Aufgrund von Terminüberschneidungen nicht auf den Sesseln Platz nehmen konnte Landtagsvizepräsident MdL Prof. Dr. Wolfgang Reinhart, der kurz zuvor diesen „großartigen Ort der Begegnung“ besuchte. Die Leader-Förderung sei in der „Investition in die Zukunft des ländlichen Raums“ gut angelegt. Ihm sei das Projekt durch die Berichterstattung in den Fränkischen Nachrichten bekannt, doch seien die Eindrücke vor Ort durch nichts zu übertreffen, schwärmte er. Womit wir wieder beim Appell Wittmanns wären: „Kommt, lernt uns kennen!“
Beginnend mit der Ankunft der Geflüchteten bis hin zur Fertigstellung der Anlage dokumentierte Christian Scholz, stellvertretender Vorsitzender die Entstehung in einer informativen Bilderschau. Mit einem Bildband über den Werdegang des Objekts sowie Blumen für Daniela Schürle honorierten die Vereinsmitglieder das enorme Engagement der Eheleute sowie Azad Schababos.
Musikalisch gestaltet wurde der Abend von Susanne Nakaschima sowie Susa Schweizer an der Violine mit Stücken, die Bezug zu Flucht und Vertreibung aufwiesen.
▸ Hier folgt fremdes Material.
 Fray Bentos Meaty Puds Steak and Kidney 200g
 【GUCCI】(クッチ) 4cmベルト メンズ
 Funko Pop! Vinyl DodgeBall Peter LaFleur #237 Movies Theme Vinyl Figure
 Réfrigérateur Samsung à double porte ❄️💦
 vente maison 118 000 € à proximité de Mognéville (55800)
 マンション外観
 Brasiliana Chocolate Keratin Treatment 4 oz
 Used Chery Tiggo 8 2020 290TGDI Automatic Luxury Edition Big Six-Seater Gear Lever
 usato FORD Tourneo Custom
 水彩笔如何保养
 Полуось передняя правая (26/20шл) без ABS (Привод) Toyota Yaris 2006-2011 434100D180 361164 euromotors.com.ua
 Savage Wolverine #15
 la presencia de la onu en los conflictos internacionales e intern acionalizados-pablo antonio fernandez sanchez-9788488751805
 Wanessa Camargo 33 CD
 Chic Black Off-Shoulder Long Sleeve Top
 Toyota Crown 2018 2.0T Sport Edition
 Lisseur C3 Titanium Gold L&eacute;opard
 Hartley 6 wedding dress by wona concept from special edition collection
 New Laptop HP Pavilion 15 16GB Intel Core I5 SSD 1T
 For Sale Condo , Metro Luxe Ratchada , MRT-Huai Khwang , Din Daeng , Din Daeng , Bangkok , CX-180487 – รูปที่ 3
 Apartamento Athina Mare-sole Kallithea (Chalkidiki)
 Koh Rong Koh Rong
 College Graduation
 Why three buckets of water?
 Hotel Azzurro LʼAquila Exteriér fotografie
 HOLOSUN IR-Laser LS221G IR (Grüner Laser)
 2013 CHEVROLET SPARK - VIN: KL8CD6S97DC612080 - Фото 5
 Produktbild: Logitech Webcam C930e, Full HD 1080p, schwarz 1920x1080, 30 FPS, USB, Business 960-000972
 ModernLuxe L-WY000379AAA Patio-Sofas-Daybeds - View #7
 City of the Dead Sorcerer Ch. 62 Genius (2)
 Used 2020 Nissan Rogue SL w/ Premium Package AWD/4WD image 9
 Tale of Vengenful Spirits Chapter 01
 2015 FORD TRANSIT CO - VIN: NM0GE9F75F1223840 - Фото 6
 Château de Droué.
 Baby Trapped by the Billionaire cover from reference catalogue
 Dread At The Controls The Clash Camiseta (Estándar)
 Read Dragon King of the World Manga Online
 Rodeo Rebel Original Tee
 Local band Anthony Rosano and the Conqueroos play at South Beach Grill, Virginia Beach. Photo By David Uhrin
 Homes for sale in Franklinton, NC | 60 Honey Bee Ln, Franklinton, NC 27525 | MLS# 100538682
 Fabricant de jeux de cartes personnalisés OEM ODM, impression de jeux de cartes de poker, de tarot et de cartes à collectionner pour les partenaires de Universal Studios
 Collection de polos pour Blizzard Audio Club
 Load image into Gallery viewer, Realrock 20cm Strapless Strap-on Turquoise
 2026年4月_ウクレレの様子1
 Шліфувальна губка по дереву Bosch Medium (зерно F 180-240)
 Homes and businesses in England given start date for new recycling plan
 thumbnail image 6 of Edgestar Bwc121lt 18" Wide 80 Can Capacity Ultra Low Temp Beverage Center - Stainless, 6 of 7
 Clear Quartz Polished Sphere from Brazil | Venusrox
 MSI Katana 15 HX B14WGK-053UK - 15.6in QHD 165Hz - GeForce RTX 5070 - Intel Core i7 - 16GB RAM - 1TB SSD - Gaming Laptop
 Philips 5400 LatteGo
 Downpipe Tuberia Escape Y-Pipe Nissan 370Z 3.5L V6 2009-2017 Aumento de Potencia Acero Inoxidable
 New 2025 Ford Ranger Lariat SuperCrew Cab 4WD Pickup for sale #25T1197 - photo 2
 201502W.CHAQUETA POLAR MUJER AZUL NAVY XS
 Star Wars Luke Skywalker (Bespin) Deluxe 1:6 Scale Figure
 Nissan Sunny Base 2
Überdies stellte Claudia Buder, Professorin für Akkordeon an der Musikhochschule Weimar mit folkloristischen Stücken aus Mazedonien, Bulgarien oder Siebenbürgen die Balkanroute musikalisch nach.
Einen Augenschmaus boten die Akteurinnen der Tanzvilla Creglingen mit ihren orientalischen Tänzen unter Leitung von Jeanette Kellert. Ob mit Pluderhose und klimperndem Hüfttuch, ob im roten Rock – sie zauberten den Hauch von tausendundeiner Nacht ins Gemäuer.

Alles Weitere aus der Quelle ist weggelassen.